Jackson's blood stains this handkerchief, which was saved by his aide-de-camp James Power Smith. Smith helped carry Jackson from the field after he was wounded.


The bullet in this photo made the hole in the canteen when it killed the canteen's owner, Captain William Alfred Wright. He died at Frayser's Farm during the Battle of Glendale six days after his promotion to captain of the "Essex Sharpshooters" while Jackson was under fire at White Oak Swamp.


A reproduction of General Robert E. Lee's headquarters tent -- every item in this display belonged to Lee, including the camp bed. When Jackson was dying after losing his arm, Lee told his chaplain: "Give General Jackson my affectionate regards, and say to him: he has lost his left arm, but I, my right."


Stonewall Brigade medals commissioned after Jackson's death in 1863 by Colonel Charles Lamar, struck in Paris and brought through the Federal blockade into the port of Wilmington, North Carolina.

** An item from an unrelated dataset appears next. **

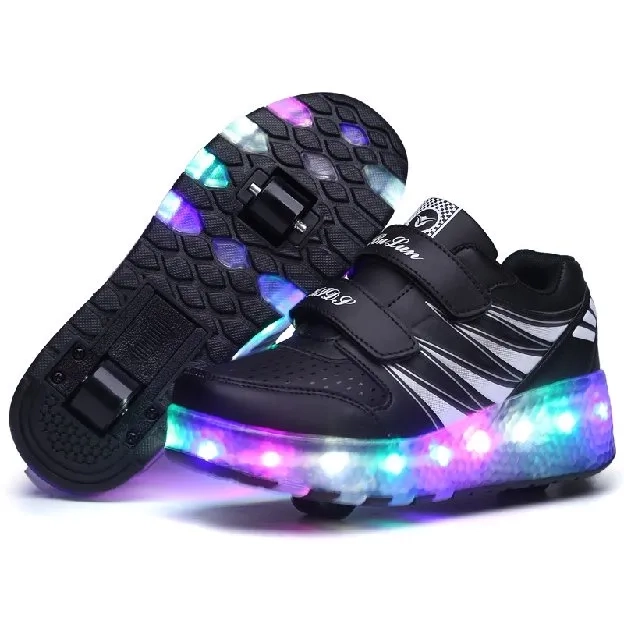 Sepatu Roda Heelys LED Anak Perempuan Lampu USB Pengisian Daya Dewasa Dalam Stok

We had dinner with my parents, with whom we are going to Philadelphia early Saturday morning. Then we came home and watched the highlights of the World Figure Skating Championships from Sweden on ESPN -- I follow skating so little these days that I couldn't have named last year's winners, but I saw enough to think that Yukari Nakano was robbed, coming in fourth after skating such a lovely program when the women's gold and silver medalists had major stumbles. I hate the new scoring system and the commentators never explain why it works the way it does, so the sport makes very little sense to me nowadays. And Wisconsin is out of the NCAA tournament, so now I really, truly don't care who wins.

The Friday Five: Food, Glorious Food
1. What type of food do you most like to eat?
Crabs, milk chocolate, nuts, anything in coconut milk, curry or rich cheese sauce.
2. What type of food do you most like to cook? Whatever can be microwaved in under two minutes.
3. What ingredient could you not live without? Vanilla if it's sweet, pepper if it's spicy.
4. What do you never let in your kitchen? Pepsi.
5. What is your favorite drink? Really good Ceylon, Assam or Earl Grey tea. Not too hot.

Friday Fiver: Feedback Baby
1. What have you sold?
Girl Scout cookies, candles for junior high school music programs, magazines...not much, since I've never worked in retail.
2. What do you want to change? The global warming trend. And the infrequency with which my children clean their bathroom.
3. What does your answering machine / voice mail message say? "If you are calling for any solicitation, please take us off your list."
4. Where did you go to school? High school: DC suburbs. College: Philadelphia. Grad school: Chicago.
5. Friday fill-in: If you'd like to reach me, ______. If you'd like to reach me, e-mail or text me and don't use a profanity in the subject line or you may get filtered into my spam folder.

Fannish 5: What are your five favorite redemption storylines?
1. Damar in Deep Space Nine
. He went from being a selfish, despicable person to a passionate freedom fighter allied with someone he once considered an enemy.
2. Boromir in The Lord of the Rings. Everything that follows, up to the destruction of the Ring, is dependent upon the breaking of the Fellowship and his death fighting the orcs.
3. Snape in Harry Potter. It has an incredibly sucky ending but the story up to that point made it worth following; to me, he's by far the most interesting character in those books.
4. Callisto in Xena. I don't particularly like how Christian her salvation is, but it's very moving anyway.
5. Norrington in Pirates of the Caribbean. I figured after he went over to Becket that he was done for, and I liked that he died saving Elizabeth.